MPEG-1's mismatch control method is known canonically as "Oddification,"
since it forces all quantized DCT coefficients to negative values. It is
a slight improvement over its predecessor in H.261. MPEG-2 adopted a different
method called, again canonically, "LSB Toggling," further reducing
the likelihood of mismatch. Toggling affects only the Least Significant
Bit (LSB) of the 63rd AC DCT coefficient (the highest frequency in the
DCT matrix). Another significant difference between MPEG-1 and MPEG-2 mismatch
control is, in MPEG-1, oddification is performed on the quantized DCT coefficients,
whereas in MPEG-2, toggling is performed on the DCT coefficients after
inverse quantization. MPEG-1's mismatch control method favors programmable
implementation since a block of DCT coefficients when quantized.
Sample:
The two chrominace pictures (Cb, Cr) possess only half the "resolution"
in both the horizontal and vertical direction as the luminance picture
(Y). This is the definition of the 4:2:0 chroma format. Most television
displays require that at least the vertical chrominance "resolution"
matches the luminance (4:2:2 chroma format).

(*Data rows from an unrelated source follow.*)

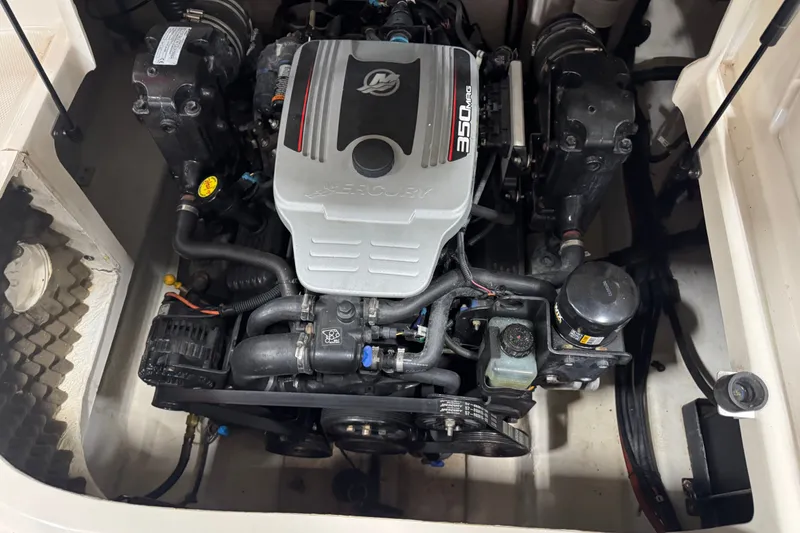 Slide: The Image of Engine compartment of a 2008 Sea Ray 240 Sundeck boat, featuring a 350 MAG engine. - 12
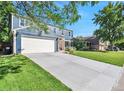 Lovely home featuring a spacious driveway, attached garage, and lush green lawn on a sunny day at 4643 S Vivian Ct, Morrison, CO 80465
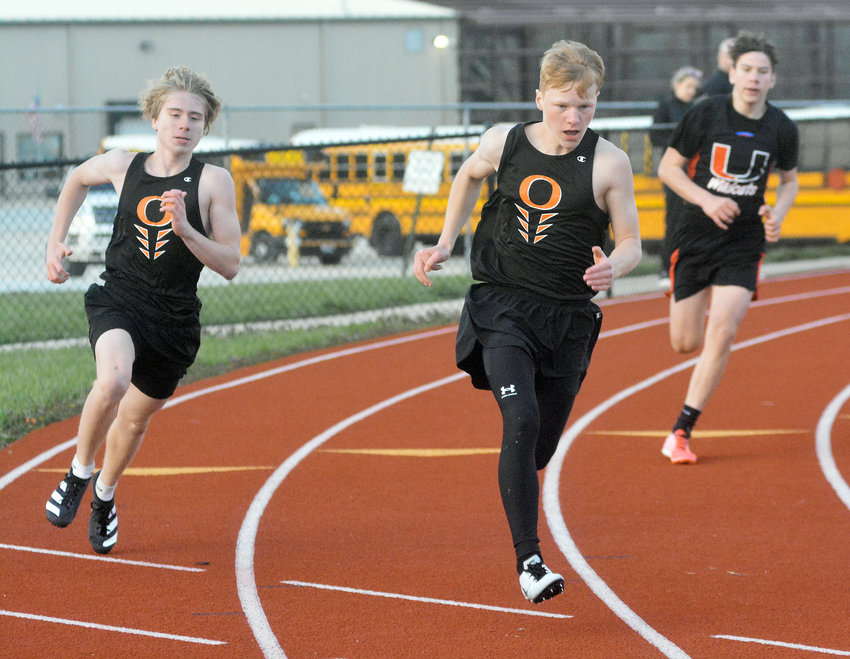 Connor Wellman and Cody Lenauer (from left) look to stay ahead of Union&rsquo;s Hunter Pruitt during the boys 200-meter dash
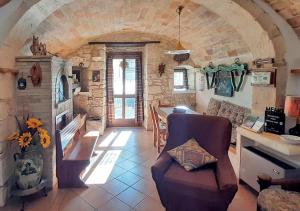 a living room with a couch and a stone fireplace at La grotta di NiMa in Pretoro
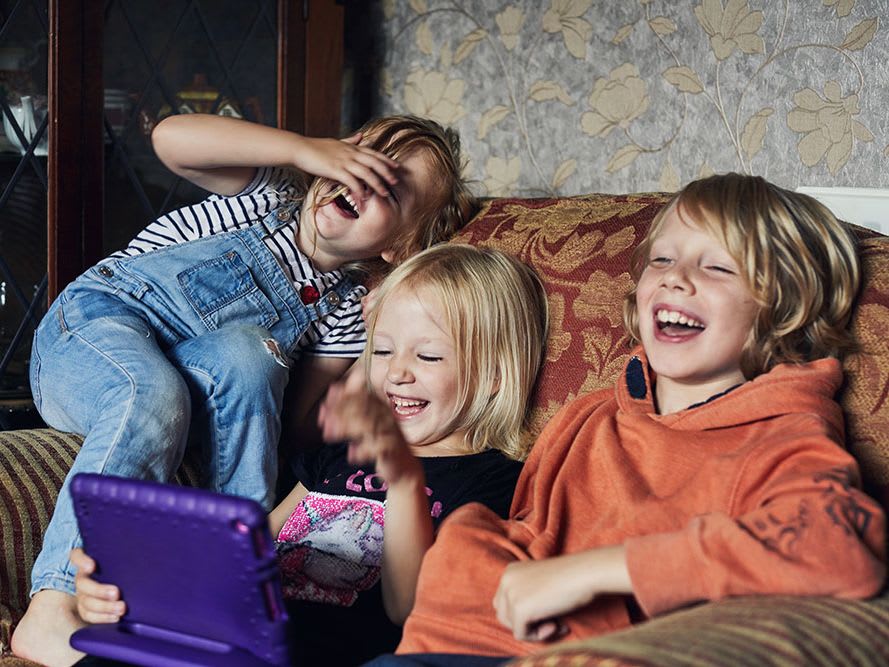 kids-laughing-couch_4-3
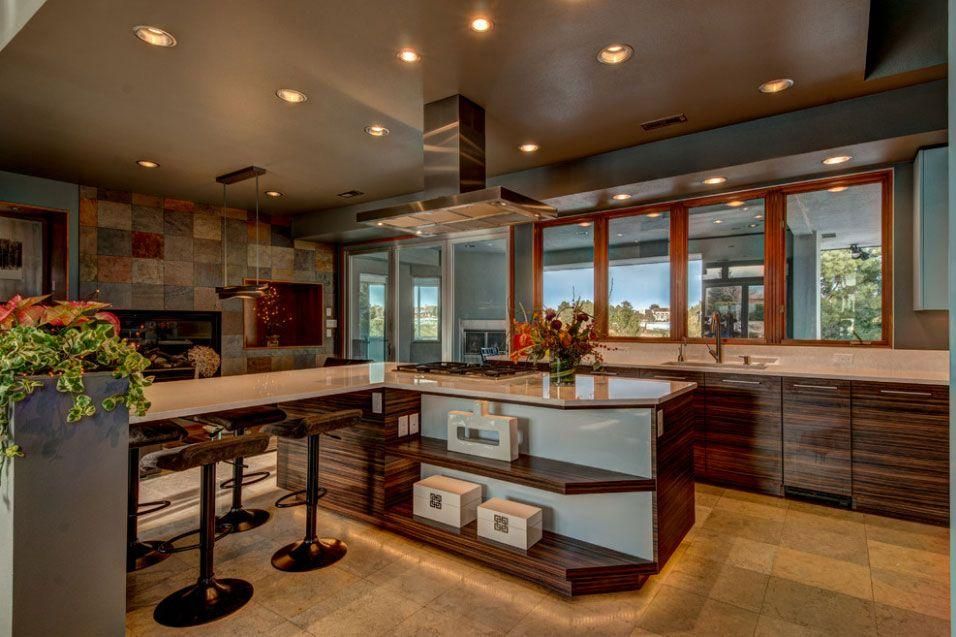 Modern kitchen with large island, dark cabinets, and bright windows overlooking a scenic view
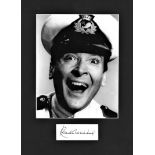 Kenneth Williams signature piece mounted below b/w photo. Approx. overall size 14x10. English actor,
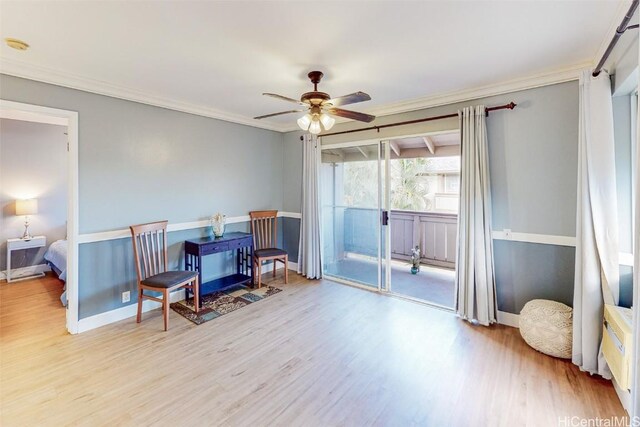 sitting room featuring light hardwood / wood-style floors, ornamental molding, and ceiling fan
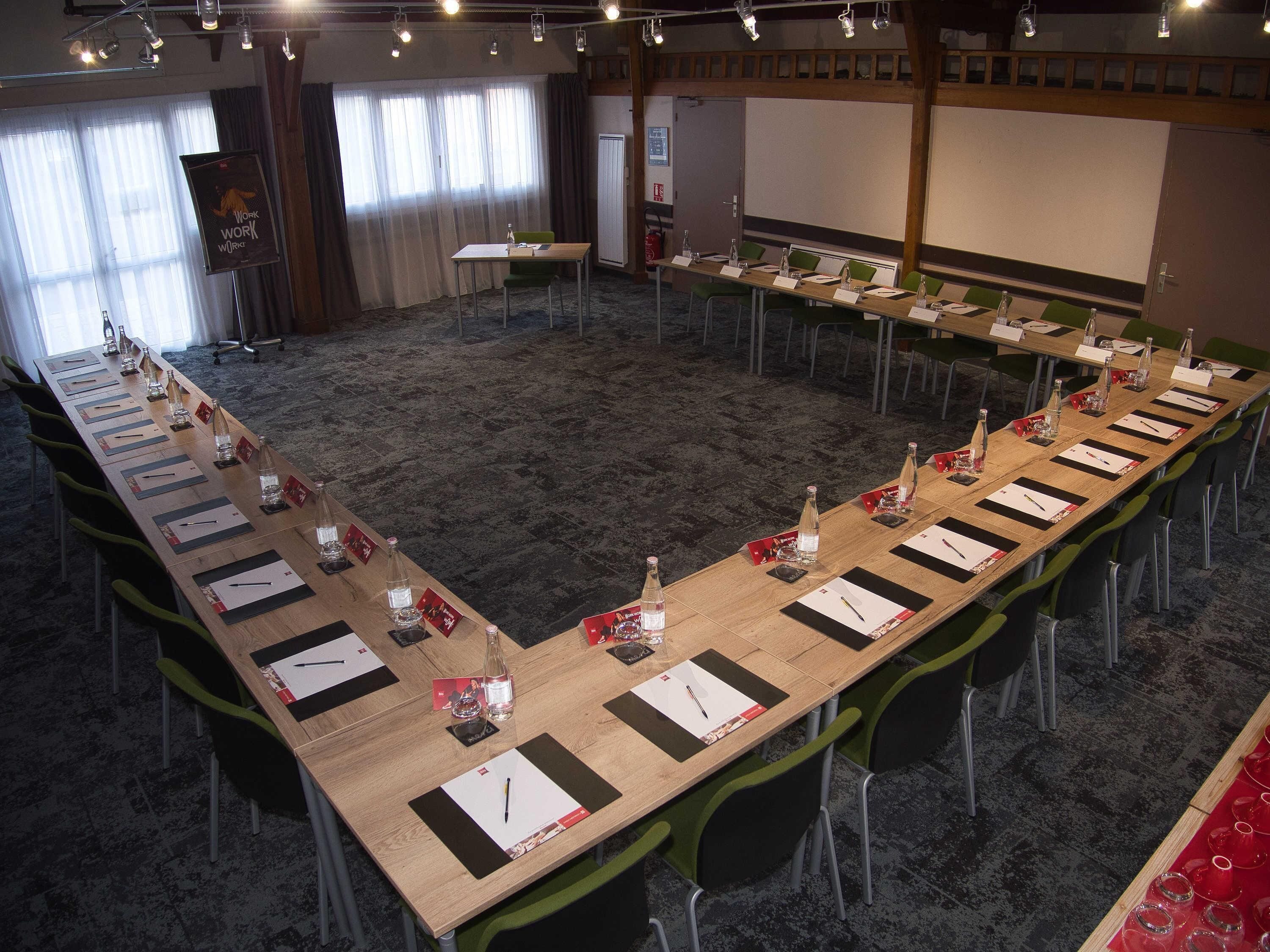 A conference room with long tables, chairs, nameplates, and water bottles.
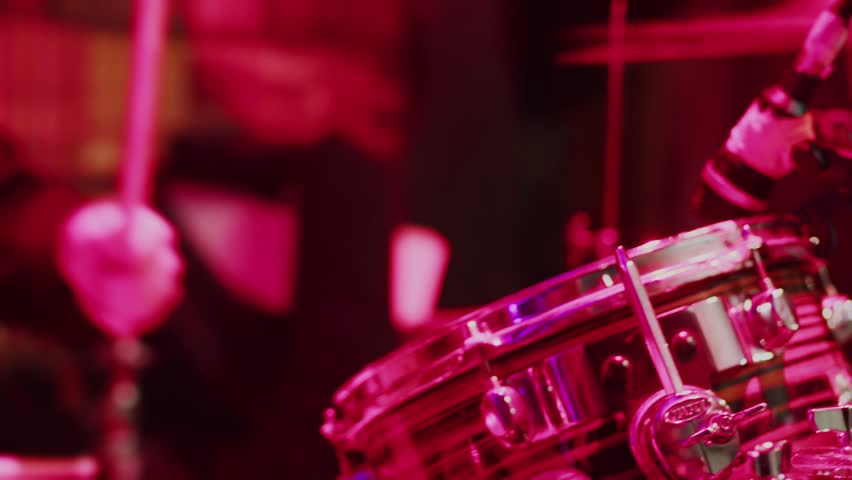 close-up of a musician playing drums passionately and quickly illuminated by pink red light, drive hi-hat from the drums, shaking from the blows of the drums Royalty-Free Stock Footage #1104911113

Computer displays may further
still demand that the horizontal "resolution" also be equivalent
(4:4:4 chroma format). There are a variety of filtering methods for interpolating
the chrominance samples to match the sample density of luminance. However,
the official location or center of the lower resolution chrominance sample
should influence the filter design (relative taps weights), otherwise the
chrominance plane can appear to be "shifted" by a fractional
sample in the wrong direction.
The subsampled MPEG-1 chroma position has a center exactly half way
between the four nearest neighboring luminance samples. To be consistent
with the subsampled chrominance positions of 4:2:2 television signals,
MPEG-2 moved the center of the chrominance samples to be co-located horizontally
with the luminance samples.
Misc.:
copyright_id extension can identify whether a sequence or subset
of frames within the sequence is copyrighted, and provides a unique 64-bit
copyright_id_number registered with the ISO/IEC.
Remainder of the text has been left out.